#### Work required
For the entries below, the result should be an exact transcription of the lines from the one with "Suction Cup Pet" up to and including the one with "warbler bird golden-cheeked", and only those.

[Opening The input section]

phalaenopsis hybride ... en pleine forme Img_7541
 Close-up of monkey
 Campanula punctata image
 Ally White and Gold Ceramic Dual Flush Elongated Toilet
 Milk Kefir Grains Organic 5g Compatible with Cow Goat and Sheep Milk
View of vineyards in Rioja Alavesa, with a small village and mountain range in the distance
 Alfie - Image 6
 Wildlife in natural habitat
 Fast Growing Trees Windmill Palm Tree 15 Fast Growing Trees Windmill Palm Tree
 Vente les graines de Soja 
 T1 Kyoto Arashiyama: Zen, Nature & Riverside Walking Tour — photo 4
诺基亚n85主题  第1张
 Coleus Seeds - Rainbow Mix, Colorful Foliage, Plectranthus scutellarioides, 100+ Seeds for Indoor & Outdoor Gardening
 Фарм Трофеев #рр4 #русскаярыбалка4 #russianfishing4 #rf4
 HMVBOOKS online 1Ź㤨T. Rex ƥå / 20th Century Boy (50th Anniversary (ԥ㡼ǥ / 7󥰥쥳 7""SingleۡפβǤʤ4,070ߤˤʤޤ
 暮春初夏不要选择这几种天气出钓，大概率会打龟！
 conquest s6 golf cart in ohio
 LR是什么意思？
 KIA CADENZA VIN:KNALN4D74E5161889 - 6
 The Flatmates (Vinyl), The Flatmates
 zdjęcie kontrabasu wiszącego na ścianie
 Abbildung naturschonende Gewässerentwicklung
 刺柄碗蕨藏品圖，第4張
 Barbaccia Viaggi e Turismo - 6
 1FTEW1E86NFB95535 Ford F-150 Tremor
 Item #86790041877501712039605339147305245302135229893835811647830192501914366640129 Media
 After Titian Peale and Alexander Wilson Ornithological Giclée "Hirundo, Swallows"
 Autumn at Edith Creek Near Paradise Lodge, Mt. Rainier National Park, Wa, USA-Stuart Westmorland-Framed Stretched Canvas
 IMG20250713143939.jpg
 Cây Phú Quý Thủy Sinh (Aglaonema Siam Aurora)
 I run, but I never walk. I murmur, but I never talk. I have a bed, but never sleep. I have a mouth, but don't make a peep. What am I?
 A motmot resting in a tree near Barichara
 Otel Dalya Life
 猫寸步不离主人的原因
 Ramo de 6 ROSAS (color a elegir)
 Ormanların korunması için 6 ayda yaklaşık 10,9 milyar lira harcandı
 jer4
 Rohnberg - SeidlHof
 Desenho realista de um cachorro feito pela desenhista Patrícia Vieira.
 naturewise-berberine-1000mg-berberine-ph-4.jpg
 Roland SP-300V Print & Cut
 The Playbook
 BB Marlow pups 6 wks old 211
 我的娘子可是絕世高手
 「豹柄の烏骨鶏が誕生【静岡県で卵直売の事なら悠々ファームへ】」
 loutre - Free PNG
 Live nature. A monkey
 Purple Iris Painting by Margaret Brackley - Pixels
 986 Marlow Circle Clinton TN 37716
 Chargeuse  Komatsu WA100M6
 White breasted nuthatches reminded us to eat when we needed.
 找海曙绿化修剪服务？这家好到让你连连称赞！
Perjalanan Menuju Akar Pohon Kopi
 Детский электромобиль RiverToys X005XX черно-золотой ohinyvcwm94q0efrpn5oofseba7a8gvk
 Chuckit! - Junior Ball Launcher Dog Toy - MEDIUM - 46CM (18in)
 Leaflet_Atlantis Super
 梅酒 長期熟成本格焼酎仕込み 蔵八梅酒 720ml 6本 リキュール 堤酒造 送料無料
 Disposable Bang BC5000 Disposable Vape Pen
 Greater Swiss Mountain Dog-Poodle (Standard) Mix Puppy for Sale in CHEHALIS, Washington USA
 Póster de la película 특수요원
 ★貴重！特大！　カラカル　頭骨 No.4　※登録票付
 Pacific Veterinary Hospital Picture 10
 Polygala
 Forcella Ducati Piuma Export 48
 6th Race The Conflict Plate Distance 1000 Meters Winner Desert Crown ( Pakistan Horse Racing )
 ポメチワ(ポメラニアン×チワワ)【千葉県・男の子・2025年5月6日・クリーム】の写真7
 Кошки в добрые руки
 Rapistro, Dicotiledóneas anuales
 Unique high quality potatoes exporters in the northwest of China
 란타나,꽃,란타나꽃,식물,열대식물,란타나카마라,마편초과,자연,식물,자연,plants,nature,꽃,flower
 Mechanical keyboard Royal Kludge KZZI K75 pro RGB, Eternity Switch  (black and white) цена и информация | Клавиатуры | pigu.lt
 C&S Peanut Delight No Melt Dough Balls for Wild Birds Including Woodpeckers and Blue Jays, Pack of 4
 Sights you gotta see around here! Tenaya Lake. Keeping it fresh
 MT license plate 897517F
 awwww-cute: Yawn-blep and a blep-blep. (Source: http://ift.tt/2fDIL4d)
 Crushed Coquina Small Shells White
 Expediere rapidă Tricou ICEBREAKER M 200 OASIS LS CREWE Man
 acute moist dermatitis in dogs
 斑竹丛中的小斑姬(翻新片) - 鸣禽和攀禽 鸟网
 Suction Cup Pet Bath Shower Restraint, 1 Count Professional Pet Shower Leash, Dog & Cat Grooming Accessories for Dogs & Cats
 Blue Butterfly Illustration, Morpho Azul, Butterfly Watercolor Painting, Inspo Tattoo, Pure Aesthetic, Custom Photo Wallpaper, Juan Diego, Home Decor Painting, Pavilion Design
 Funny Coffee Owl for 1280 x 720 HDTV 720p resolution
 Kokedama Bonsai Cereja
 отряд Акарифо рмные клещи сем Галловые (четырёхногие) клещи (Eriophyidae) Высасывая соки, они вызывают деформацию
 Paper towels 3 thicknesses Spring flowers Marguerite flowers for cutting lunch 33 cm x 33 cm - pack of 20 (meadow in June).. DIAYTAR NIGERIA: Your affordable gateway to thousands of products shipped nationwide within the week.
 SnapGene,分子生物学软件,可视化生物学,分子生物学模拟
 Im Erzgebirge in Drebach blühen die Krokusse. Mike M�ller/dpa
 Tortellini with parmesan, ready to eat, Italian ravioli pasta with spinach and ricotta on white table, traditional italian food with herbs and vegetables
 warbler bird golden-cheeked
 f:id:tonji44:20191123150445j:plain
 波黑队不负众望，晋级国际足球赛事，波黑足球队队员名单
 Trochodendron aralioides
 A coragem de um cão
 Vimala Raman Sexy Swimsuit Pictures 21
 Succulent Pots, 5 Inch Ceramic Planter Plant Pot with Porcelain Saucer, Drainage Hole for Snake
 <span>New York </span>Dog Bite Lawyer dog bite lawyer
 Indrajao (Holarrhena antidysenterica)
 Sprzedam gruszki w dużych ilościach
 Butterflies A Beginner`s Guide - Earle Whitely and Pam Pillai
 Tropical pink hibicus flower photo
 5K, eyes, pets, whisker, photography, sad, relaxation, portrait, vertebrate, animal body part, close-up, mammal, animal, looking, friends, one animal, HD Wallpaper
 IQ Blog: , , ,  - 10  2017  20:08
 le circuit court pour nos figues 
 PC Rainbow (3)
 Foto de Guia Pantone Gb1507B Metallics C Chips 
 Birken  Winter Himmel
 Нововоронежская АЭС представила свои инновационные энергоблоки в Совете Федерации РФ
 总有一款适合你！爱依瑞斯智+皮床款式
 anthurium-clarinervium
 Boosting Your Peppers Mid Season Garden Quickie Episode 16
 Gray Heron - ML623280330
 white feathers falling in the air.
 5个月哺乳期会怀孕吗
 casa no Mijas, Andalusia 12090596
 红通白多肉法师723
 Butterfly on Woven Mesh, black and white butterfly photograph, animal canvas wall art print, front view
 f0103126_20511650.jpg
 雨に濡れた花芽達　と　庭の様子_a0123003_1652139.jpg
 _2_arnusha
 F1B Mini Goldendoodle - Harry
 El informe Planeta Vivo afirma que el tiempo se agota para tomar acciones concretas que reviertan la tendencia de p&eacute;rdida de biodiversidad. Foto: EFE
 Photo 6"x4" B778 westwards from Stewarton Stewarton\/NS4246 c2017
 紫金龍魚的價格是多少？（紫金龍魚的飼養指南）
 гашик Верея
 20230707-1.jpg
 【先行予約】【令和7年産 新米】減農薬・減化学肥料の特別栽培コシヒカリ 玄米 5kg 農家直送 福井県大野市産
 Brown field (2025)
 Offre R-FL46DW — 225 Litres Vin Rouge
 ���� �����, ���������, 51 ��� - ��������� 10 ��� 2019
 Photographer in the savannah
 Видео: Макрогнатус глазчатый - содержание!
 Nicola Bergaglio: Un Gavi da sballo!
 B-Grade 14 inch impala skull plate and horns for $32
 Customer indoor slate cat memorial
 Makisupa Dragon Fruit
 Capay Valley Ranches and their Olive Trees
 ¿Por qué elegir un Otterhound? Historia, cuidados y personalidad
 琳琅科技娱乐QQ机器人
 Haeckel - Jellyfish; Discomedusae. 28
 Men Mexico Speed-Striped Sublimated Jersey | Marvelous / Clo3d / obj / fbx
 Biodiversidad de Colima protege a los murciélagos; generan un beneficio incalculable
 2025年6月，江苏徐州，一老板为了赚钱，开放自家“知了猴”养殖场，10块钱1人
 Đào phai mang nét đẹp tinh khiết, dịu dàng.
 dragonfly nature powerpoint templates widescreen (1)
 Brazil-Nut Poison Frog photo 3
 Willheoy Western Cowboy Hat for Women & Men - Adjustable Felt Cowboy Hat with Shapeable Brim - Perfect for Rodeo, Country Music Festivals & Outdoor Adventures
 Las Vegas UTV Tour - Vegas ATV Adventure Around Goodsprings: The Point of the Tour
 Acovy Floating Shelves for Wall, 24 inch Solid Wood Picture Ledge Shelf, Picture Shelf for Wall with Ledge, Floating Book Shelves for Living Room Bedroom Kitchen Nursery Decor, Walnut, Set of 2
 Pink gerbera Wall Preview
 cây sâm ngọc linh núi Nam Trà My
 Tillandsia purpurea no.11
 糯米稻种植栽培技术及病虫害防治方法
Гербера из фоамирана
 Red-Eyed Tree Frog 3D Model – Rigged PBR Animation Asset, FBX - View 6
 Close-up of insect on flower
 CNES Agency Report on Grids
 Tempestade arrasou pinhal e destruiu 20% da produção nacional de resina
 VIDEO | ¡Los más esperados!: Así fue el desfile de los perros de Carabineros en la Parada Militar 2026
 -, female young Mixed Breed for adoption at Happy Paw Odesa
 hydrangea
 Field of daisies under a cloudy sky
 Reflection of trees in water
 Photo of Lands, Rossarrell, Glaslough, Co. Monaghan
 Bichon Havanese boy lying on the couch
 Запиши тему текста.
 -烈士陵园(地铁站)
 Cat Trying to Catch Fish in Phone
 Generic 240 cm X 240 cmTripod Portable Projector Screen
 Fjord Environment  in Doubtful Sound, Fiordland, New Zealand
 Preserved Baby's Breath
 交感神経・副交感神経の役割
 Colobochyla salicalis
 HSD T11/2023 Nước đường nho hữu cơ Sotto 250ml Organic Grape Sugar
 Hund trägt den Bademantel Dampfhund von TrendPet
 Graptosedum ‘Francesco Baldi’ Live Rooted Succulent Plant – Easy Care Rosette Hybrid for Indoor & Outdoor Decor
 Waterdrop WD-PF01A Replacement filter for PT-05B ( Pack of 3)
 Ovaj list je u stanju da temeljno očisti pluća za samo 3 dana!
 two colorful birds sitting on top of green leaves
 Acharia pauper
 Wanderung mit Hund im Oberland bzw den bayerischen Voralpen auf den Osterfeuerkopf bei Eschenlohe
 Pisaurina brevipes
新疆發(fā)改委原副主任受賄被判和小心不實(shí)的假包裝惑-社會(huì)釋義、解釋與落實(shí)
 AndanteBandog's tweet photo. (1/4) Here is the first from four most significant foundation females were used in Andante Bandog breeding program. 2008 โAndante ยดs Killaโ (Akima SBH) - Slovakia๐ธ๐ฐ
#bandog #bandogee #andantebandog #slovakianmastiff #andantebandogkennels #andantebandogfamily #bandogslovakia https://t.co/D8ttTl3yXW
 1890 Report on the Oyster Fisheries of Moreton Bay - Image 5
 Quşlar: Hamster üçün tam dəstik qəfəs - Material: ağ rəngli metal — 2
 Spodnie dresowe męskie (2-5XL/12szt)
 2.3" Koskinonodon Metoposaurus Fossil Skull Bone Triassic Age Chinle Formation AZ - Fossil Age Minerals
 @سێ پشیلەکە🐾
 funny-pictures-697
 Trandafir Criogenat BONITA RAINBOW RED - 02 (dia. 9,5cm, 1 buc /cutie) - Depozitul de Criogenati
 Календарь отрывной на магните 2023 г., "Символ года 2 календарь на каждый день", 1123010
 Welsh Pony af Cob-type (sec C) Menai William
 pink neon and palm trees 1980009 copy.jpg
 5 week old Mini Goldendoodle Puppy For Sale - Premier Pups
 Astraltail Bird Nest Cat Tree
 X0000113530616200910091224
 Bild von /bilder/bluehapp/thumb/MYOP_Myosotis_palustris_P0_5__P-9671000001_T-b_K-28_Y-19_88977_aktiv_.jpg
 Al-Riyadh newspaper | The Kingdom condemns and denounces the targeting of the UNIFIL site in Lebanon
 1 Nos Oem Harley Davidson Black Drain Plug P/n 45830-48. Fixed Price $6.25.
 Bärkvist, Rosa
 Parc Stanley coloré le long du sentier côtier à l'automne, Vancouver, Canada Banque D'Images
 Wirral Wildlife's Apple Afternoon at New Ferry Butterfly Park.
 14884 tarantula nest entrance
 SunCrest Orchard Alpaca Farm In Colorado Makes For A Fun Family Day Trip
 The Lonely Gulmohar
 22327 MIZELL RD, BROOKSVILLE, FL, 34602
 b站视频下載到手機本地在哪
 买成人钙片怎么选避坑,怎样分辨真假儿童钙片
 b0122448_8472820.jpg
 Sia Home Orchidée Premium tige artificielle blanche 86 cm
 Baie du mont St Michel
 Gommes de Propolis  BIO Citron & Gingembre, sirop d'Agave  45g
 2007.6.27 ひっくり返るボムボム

[Closing The input section]

#### Result of the exercise
 Suction Cup Pet Bath Shower Restraint, 1 Count Professional Pet Shower Leash, Dog & Cat Grooming Accessories for Dogs & Cats
 Blue Butterfly Illustration, Morpho Azul, Butterfly Watercolor Painting, Inspo Tattoo, Pure Aesthetic, Custom Photo Wallpaper, Juan Diego, Home Decor Painting, Pavilion Design
 Funny Coffee Owl for 1280 x 720 HDTV 720p resolution
 Kokedama Bonsai Cereja
 отряд Акарифо рмные клещи сем Галловые (четырёхногие) клещи (Eriophyidae) Высасывая соки, они вызывают деформацию
 Paper towels 3 thicknesses Spring flowers Marguerite flowers for cutting lunch 33 cm x 33 cm - pack of 20 (meadow in June).. DIAYTAR NIGERIA: Your affordable gateway to thousands of products shipped nationwide within the week.
 SnapGene,分子生物学软件,可视化生物学,分子生物学模拟
 Im Erzgebirge in Drebach blühen die Krokusse. Mike M�ller/dpa
 Tortellini with parmesan, ready to eat, Italian ravioli pasta with spinach and ricotta on white table, traditional italian food with herbs and vegetables
 warbler bird golden-cheeked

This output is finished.